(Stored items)
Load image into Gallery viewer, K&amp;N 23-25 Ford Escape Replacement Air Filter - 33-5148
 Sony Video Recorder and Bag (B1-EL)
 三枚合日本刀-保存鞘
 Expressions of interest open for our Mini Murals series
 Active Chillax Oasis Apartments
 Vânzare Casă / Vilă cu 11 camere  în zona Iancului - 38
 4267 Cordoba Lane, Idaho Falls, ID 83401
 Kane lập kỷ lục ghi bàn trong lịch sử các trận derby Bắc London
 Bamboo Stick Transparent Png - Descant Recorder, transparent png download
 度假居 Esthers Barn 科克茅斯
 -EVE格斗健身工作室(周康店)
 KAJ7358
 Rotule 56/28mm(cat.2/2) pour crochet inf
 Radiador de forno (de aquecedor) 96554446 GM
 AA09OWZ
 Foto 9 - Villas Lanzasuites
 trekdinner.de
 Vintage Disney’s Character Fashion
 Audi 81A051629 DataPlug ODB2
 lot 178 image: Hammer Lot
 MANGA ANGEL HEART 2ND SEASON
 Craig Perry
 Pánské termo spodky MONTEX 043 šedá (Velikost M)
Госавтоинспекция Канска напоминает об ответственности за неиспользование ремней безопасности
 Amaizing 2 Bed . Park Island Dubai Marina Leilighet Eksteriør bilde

(REQUIRED ACTION) Return the opening line of the data and every line after it through the line containing "度假居 Esthers Barn 科克茅斯", please, exactly as written and with nothing added.

(TASK RESPONSE)
Load image into Gallery viewer, K&amp;N 23-25 Ford Escape Replacement Air Filter - 33-5148
 Sony Video Recorder and Bag (B1-EL)
 三枚合日本刀-保存鞘
 Expressions of interest open for our Mini Murals series
 Active Chillax Oasis Apartments
 Vânzare Casă / Vilă cu 11 camere  în zona Iancului - 38
 4267 Cordoba Lane, Idaho Falls, ID 83401
 Kane lập kỷ lục ghi bàn trong lịch sử các trận derby Bắc London
 Bamboo Stick Transparent Png - Descant Recorder, transparent png download
 度假居 Esthers Barn 科克茅斯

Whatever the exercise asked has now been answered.